One of the most accurate studies of the structure of the universe has suggested it’s “less clumped” than previously thought, in findings that could point to the existence of mysterious forces at work.
Observations from the Dark Energy Survey and the South Pole Telescope map the distribution of matter with the goal of understanding the competing forces that have shaped the evolution of the universe and govern its ultimate fate. The extraordinarily detailed analysis adds to a body of evidence that suggests there may be a crucial element missing in the so-called Standard Model of physics.
“There seems to be a little less [clumpiness] in the current universe than we expected assuming our standard cosmological model was rooted in the early universe,” said Eric Baxter, an astrophysicist at the University of Hawaii and co-author of the study.
The results did not cross the statistical threshold that scientists consider armored enough to claim a discovery, but they come after similar results from previous investigations that hinted that a rift could be opening between theoretical predictions and what what really happens in the universe. .

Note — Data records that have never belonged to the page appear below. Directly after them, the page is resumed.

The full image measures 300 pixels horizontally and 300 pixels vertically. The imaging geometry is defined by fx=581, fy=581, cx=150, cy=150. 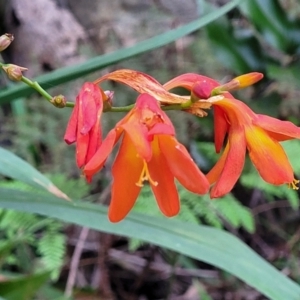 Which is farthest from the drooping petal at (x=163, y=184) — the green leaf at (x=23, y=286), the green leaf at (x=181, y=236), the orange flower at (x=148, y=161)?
the green leaf at (x=23, y=286)

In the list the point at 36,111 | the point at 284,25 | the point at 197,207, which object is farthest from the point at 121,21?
the point at 197,207

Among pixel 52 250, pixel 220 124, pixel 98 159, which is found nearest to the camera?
pixel 98 159

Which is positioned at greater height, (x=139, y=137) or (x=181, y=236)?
(x=139, y=137)

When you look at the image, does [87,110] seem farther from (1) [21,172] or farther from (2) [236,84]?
(1) [21,172]

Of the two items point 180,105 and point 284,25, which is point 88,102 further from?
point 284,25

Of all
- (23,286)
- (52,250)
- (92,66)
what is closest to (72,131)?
(92,66)

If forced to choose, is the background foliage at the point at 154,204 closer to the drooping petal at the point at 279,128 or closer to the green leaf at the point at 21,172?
the green leaf at the point at 21,172

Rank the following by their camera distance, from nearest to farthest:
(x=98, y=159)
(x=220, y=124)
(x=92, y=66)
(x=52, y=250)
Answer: (x=98, y=159) < (x=220, y=124) < (x=92, y=66) < (x=52, y=250)

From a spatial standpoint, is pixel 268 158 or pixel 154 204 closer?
pixel 268 158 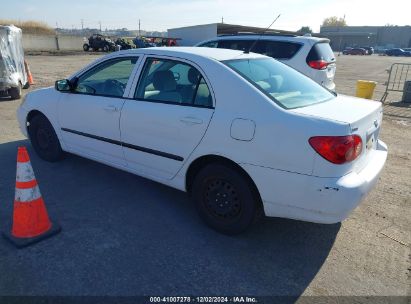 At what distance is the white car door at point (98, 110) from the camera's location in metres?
3.99

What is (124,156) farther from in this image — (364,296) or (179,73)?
(364,296)

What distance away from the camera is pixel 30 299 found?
2.49m

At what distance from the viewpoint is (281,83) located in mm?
3473

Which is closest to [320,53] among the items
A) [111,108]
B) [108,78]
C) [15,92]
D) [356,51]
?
[108,78]

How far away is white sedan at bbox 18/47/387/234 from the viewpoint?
274cm

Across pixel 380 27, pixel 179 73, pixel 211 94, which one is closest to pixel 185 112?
pixel 211 94

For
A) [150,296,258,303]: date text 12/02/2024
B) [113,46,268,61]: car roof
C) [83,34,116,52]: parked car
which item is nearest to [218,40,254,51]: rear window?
[113,46,268,61]: car roof

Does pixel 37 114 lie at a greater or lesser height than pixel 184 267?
greater

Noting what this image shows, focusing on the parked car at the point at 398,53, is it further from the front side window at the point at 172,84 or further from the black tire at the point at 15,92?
the front side window at the point at 172,84

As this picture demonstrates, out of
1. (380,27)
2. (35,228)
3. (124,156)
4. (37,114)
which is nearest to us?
(35,228)

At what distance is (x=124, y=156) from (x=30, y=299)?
1.84 metres

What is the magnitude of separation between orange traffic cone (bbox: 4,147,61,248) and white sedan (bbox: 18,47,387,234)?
1.09m

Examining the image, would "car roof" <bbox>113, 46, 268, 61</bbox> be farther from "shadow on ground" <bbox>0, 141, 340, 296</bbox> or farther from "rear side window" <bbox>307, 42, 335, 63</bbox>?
"rear side window" <bbox>307, 42, 335, 63</bbox>

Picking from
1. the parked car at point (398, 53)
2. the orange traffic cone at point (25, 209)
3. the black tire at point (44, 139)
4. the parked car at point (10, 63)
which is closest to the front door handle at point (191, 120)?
the orange traffic cone at point (25, 209) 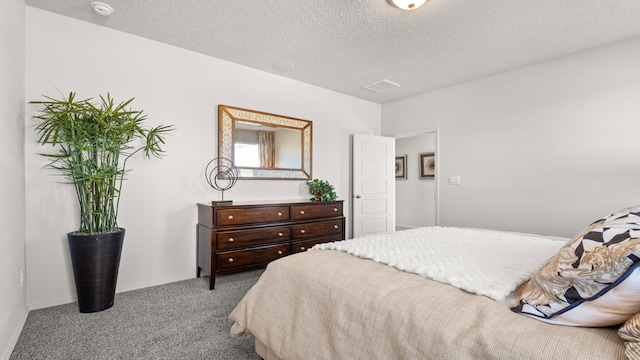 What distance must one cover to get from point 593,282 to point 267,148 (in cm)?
339

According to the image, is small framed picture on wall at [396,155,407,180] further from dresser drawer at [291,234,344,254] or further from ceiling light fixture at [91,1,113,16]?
ceiling light fixture at [91,1,113,16]

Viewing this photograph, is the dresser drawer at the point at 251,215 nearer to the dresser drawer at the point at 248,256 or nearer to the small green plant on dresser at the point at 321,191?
the dresser drawer at the point at 248,256

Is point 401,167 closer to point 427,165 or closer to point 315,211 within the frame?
point 427,165

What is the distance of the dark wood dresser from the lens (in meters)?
2.89

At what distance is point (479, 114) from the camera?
160 inches

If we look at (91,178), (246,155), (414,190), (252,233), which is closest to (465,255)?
(252,233)

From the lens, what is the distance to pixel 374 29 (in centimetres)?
278

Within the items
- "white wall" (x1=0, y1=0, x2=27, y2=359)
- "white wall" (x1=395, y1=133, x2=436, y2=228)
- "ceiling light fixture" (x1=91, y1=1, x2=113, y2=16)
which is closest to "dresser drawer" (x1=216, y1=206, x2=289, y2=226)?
"white wall" (x1=0, y1=0, x2=27, y2=359)

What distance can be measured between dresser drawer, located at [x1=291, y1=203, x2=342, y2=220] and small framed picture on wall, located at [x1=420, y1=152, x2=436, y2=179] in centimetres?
321

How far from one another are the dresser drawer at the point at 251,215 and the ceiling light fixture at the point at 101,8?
75.8 inches

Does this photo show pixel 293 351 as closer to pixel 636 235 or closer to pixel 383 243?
pixel 383 243

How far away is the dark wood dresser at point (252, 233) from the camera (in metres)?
2.89

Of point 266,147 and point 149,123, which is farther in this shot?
point 266,147

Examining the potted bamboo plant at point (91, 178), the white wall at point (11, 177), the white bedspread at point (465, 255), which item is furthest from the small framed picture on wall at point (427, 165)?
the white wall at point (11, 177) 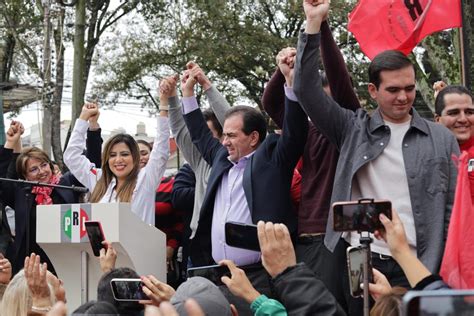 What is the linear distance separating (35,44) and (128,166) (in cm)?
2186

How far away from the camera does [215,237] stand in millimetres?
5348

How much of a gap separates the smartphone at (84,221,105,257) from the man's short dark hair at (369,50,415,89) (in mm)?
1749

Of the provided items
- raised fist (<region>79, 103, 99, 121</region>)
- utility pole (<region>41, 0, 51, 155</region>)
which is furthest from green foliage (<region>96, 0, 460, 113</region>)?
raised fist (<region>79, 103, 99, 121</region>)

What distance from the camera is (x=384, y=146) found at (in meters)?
4.42

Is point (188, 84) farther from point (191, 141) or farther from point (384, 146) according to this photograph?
point (384, 146)

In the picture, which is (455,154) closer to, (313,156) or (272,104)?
(313,156)

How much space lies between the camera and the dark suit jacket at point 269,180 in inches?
197

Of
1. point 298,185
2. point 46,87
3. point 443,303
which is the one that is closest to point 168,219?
point 298,185

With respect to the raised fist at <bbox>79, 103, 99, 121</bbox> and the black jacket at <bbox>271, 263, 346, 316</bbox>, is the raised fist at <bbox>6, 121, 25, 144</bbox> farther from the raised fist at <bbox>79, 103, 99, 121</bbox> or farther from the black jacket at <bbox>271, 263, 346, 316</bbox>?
the black jacket at <bbox>271, 263, 346, 316</bbox>

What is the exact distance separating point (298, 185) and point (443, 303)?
3.62 metres

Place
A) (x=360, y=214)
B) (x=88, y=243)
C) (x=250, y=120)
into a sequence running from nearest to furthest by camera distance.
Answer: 1. (x=360, y=214)
2. (x=250, y=120)
3. (x=88, y=243)

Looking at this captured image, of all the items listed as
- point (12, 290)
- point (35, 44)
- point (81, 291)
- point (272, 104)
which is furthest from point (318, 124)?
point (35, 44)

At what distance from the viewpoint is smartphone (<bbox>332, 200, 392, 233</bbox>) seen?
3455mm

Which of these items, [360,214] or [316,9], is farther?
[316,9]
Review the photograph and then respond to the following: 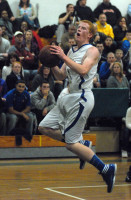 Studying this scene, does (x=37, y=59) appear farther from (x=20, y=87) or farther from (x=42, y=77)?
(x=20, y=87)

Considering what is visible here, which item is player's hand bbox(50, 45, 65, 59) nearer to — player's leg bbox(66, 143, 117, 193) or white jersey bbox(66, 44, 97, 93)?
white jersey bbox(66, 44, 97, 93)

“If the discovery holds, it’s very exciting,” said Dr. Chihway Chang, a University of Chicago astrophysicist and lead author. “The purpose of physics is to test patterns and break them. The best case scenario is that it helps us better understand the nature of dark matter and dark energy.

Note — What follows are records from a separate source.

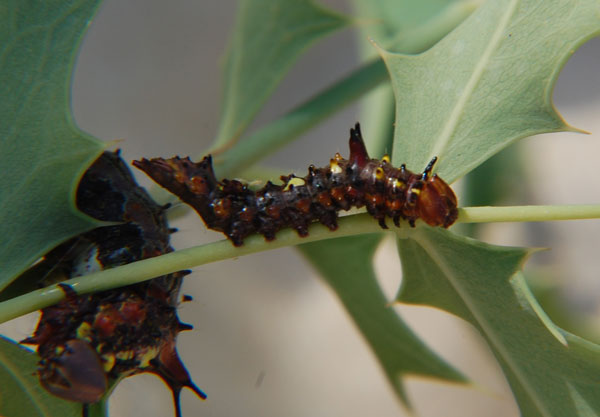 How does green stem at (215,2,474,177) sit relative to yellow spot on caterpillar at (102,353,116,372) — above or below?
above

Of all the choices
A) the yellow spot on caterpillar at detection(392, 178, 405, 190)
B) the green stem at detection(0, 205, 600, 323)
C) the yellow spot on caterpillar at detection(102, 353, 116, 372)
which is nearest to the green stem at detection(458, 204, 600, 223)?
the green stem at detection(0, 205, 600, 323)

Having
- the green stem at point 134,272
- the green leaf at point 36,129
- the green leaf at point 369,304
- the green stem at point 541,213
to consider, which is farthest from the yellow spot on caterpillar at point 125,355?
the green leaf at point 369,304

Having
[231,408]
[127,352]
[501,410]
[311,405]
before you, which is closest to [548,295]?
[501,410]

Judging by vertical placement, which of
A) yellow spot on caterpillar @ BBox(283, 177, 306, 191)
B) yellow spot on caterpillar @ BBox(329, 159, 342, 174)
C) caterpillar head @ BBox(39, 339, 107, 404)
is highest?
yellow spot on caterpillar @ BBox(283, 177, 306, 191)

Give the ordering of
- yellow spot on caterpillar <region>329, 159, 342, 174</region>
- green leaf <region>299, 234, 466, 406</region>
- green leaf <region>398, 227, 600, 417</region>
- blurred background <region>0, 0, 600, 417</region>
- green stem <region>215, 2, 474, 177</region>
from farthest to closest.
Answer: blurred background <region>0, 0, 600, 417</region>, green leaf <region>299, 234, 466, 406</region>, green stem <region>215, 2, 474, 177</region>, yellow spot on caterpillar <region>329, 159, 342, 174</region>, green leaf <region>398, 227, 600, 417</region>

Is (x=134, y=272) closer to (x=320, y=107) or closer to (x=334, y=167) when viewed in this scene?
(x=334, y=167)

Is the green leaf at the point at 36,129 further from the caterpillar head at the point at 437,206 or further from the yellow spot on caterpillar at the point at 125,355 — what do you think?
the caterpillar head at the point at 437,206

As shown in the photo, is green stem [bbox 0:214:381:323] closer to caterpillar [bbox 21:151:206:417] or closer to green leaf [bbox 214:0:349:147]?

Since the big bang 13 billion years ago, the universe has expanded, but matter has also cooled and clumped together as gravity pulls denser areas together, creating a cosmic web of clusters and galaxy filaments. As scientists struggled to understand this cosmic tussle, a bizarre picture emerged in which only about 5% of the universe’s content is represented by ordinary matter. About 25% is so-called dark matter, an invisible mass that is gravitationally contributing, but otherwise invisible. The other 70% is dark energy – a mysterious phenomenon that would explain why the expansion of the universe is accelerating rather than being slowed down by gravity.
The latest work uses data from the Dark Energy Survey, which has been probing the skies for six years from a mountaintop in Chile, and the South Pole Telescope, which is looking for faint traces of radiation crossing the sky from the first moments of the universe. . In both cases, the analysis uses a phenomenon called gravitational lensing, whereby light is slightly bent as it passes massive objects, such as galaxies and dark matter clusters, allowing scientists to infer the distribution of matter in the universe.

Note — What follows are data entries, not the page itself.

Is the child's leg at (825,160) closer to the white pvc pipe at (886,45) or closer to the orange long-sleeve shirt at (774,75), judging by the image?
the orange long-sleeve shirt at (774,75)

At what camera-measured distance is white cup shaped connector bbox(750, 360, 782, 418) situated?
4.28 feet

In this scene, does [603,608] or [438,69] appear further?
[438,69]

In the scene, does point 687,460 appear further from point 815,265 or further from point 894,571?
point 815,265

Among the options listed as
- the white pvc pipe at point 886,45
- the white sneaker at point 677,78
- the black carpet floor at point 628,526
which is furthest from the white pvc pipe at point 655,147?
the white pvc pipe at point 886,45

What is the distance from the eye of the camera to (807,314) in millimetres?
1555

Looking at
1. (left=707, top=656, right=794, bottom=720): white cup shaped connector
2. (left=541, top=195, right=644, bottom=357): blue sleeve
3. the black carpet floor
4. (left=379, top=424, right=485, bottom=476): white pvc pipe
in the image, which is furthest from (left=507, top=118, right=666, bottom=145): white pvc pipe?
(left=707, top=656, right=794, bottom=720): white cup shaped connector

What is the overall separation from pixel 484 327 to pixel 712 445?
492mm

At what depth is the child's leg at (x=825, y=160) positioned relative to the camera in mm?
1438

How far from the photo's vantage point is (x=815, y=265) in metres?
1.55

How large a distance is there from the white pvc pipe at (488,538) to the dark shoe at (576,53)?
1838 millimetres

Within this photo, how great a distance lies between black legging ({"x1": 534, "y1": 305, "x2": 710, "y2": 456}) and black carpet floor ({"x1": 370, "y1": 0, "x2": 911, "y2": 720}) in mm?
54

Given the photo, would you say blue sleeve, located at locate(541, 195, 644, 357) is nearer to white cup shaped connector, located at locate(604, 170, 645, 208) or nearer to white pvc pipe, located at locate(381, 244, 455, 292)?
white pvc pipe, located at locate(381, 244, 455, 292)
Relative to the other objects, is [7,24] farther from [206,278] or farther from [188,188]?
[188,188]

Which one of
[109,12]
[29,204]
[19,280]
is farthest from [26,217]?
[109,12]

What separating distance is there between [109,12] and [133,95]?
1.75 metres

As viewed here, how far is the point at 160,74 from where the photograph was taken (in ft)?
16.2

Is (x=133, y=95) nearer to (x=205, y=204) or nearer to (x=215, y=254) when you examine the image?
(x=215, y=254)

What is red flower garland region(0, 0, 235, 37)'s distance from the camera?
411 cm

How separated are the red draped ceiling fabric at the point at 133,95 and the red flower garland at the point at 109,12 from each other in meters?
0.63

Separately, scientists can infer the structure of the very first universe from the heat left behind by the big bang and use computer models to “fast forward” and see if the models line up with observations.
Analysis indicates that the material is not as “clustered” as expected. According to Professor Carlos Frenk, a cosmologist at Durham University who was not involved in the research, there are three likely explanations. First, it could be the result of noise in the data or a systematic error in the telescope. It is also possible that, rather than a major rewrite of cosmological theory, a poorly understood astronomical phenomenon may explain the results. “For example, supermassive black holes at the center of galaxies can produce huge jets of radiation that can, in principle, move matter around and smooth it out a bit,” he said.
The third and most exciting option is that the discrepancy is explained by entirely new physics, such as the existence of new types of neutrinos, the exotic behavior of dark energy, or unconventional forms of dark matter. “Of the three possibilities, I hope it’s the last, I’m afraid it’s the second but I suspect it’s the first,” Frenk said.
The results are published in the journal Physical Review D.